ACEH BESAR — Bukan sekadar teori, puluhan petugas SPBU di Aceh Besar dan Banda Aceh benar-benar merasakan simulasi kepanikan saat tangki BBM terbakar. Pertamina Patra Niaga Regional Sumbagut bekerja sama dengan Sales Area Retail Aceh, Fuel Terminal Krueng Raya, PT Elnusa Petrofin, dan tim HSSE setempat menggelar latihan selama tiga hari penuh.
Pelatihan dimulai dengan sesi First Aider di Ruang Serbaguna Sales Area Retail Aceh. Materi pertolongan pertama ini menjadi bekal dasar sebelum para peserta menjalani tabletop exercise dan simulasi lapangan yang sesungguhnya di area SPBU.
Dalam simulasi, peserta dihadapkan pada skenario kritis: luberan BBM terjadi saat proses pembongkaran dari mobil tangki milik PT Elnusa Petrofin. Percikan api tak terhindarkan, dan kobaran api langsung membesar. Skenario ini sengaja dipilih untuk menguji koordinasi lintas fungsi serta kecepatan reaksi personel di lapangan.

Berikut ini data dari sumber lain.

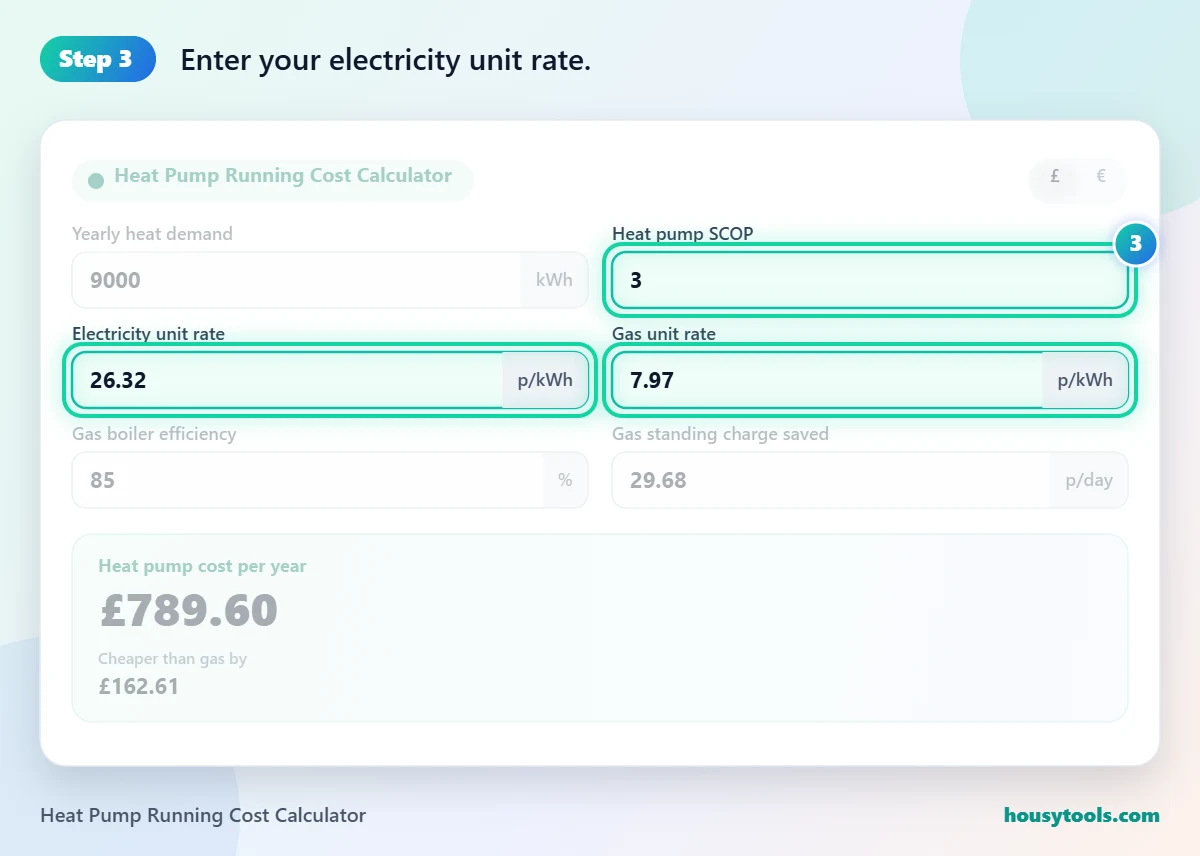 Step 3 of using the Heat Pump Running Cost Calculator: Enter your electricity unit rate.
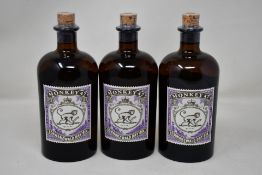 Three bottles of Monkey 47 Schwarzwald Dry Gin (500ml) (Over 18s only).
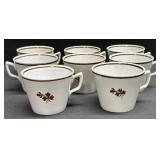 (D) Cups White with Tea Leaf Design
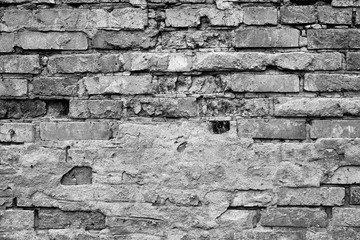 Background the old crumbling brick walls.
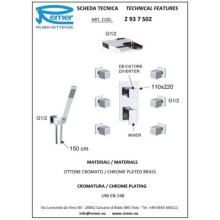 Душевой комплект 103 мм Remer Flash Z937S02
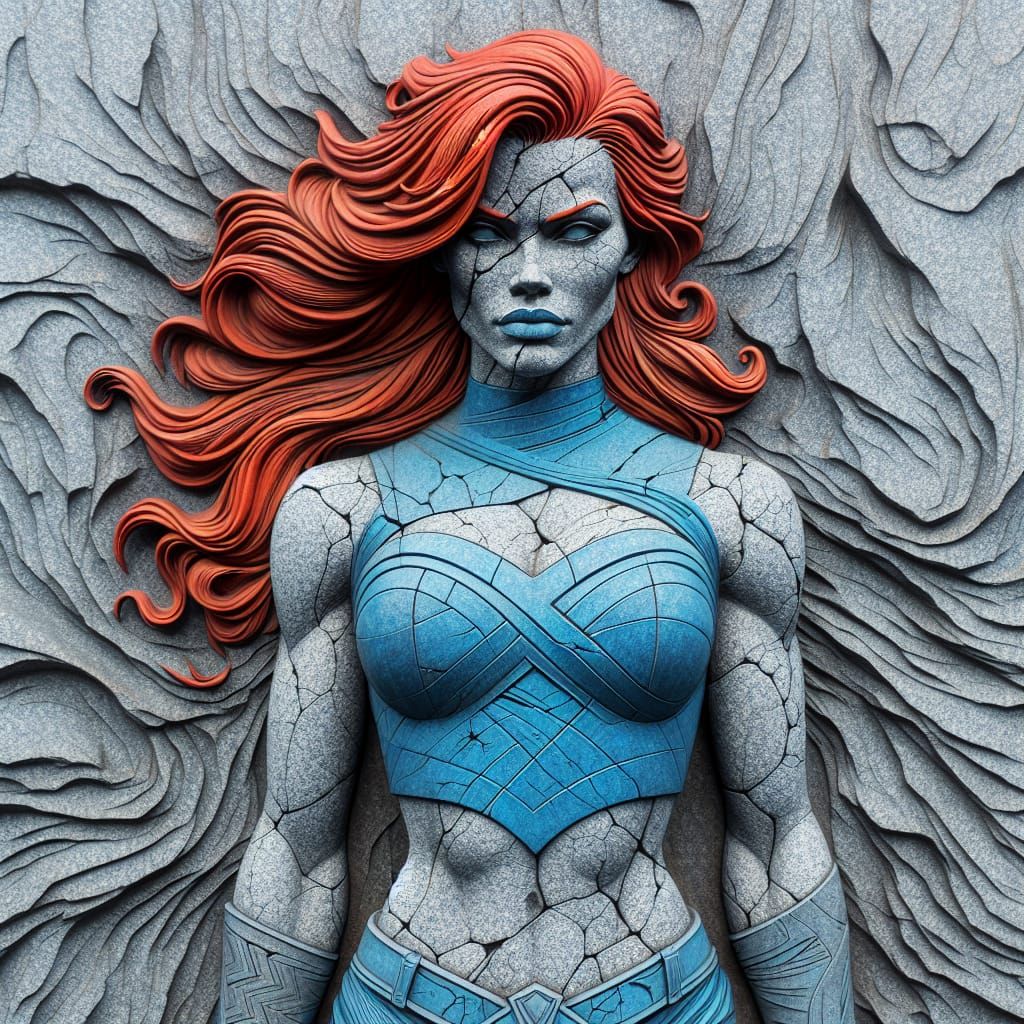 Stone Woman with Fiery Hair in Comic Style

Area Manager Communication, Relations & CSR Pertamina Patra Niaga Regional Sumbagut, Fahrougi Andriani Sumampouw, menegaskan bahwa keselamatan adalah harga mati. “Keselamatan merupakan prioritas utama dalam setiap aktivitas operasional Pertamina. Melalui pelatihan dan simulasi ini, kami ingin memastikan seluruh personel, mitra kerja, dan pemangku kepentingan terkait memiliki kesiapan serta kemampuan respons yang cepat dan tepat dalam menghadapi kondisi darurat sehingga risiko terhadap manusia, lingkungan, maupun aset perusahaan dapat diminimalkan,” ujarnya.

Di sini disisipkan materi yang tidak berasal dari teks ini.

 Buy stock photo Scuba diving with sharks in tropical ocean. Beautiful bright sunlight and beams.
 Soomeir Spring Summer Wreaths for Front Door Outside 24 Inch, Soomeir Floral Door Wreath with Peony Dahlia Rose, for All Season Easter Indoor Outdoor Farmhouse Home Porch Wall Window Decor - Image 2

Regional Manager HSSE Pertamina Patra Niaga Regional Sumbagut, Agoeng Priyanto, menekankan bahwa budaya keselamatan harus dipegang oleh semua pihak, bukan hanya tim Health, Safety, Security, and Environment (HSSE). “Keselamatan bukan hanya tanggung jawab fungsi HSSE, tetapi merupakan tanggung jawab seluruh pekerja dan mitra kerja dalam setiap aktivitas operasional. Melalui simulasi yang dilakukan secara berkala, kami berharap seluruh personel semakin siap menghadapi kondisi darurat sehingga dapat meminimalkan risiko terhadap manusia, lingkungan, aset, dan keberlangsungan operasional,” kata Agoeng.

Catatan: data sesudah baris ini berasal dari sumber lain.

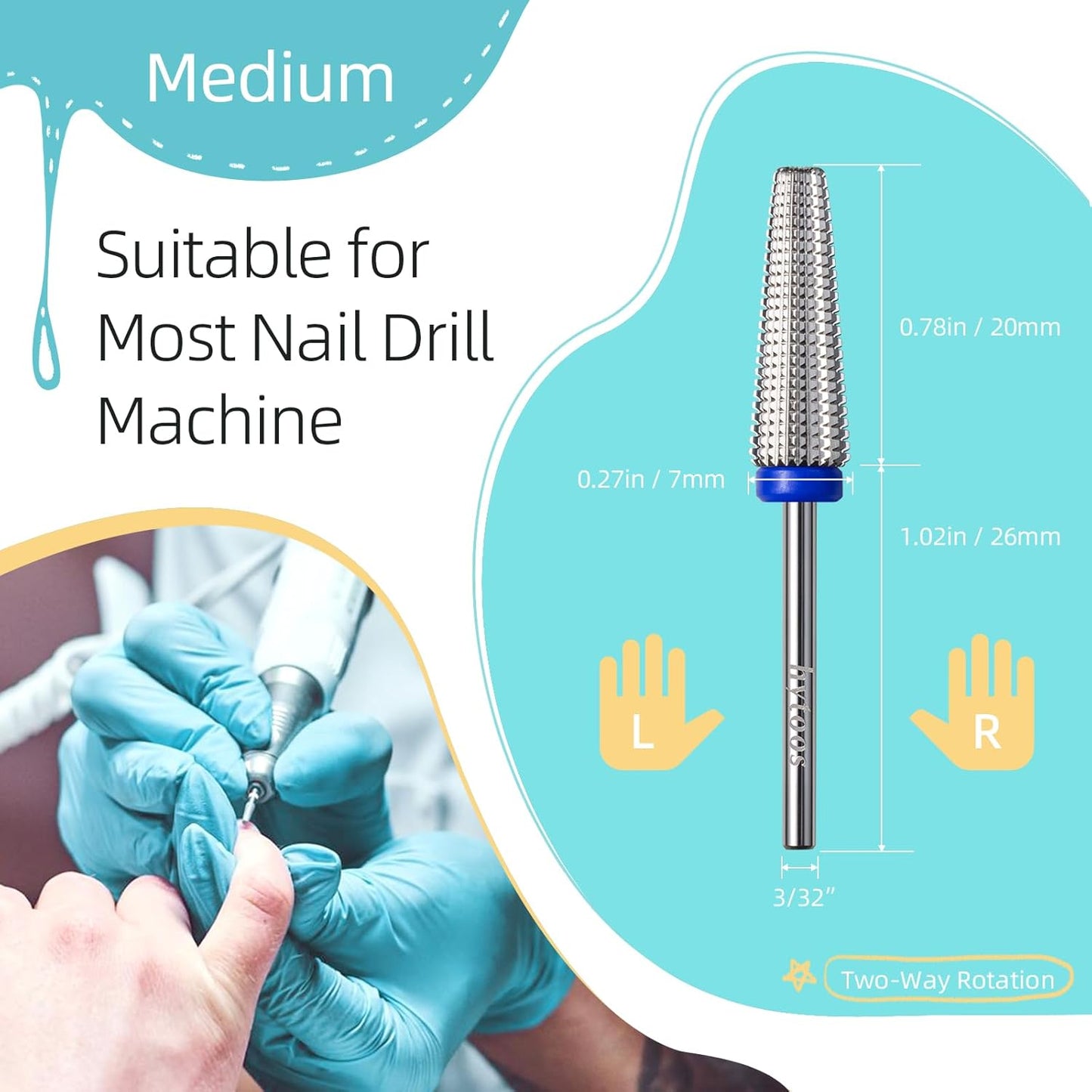Long 5 in 1 Nail Drill Bits, 20mm Medium Straight Cut Tapered Nail Bit, 3/32 Two-way Safety Carbide Drill Bits for Nails, Electric Manicure Drills Remove Gel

Kegiatan ini diikuti oleh 50 peserta eksternal yang merupakan pengawas SPBU dari berbagai titik di Kota Banda Aceh, serta 25 pekerja dan operator dari SPBU CODO 13.233.404. Dengan latihan rutin semacam ini, Pertamina berharap setiap insiden kecil bisa dicegah meluas, dan respons terhadap keadaan darurat berjalan cepat serta terukur.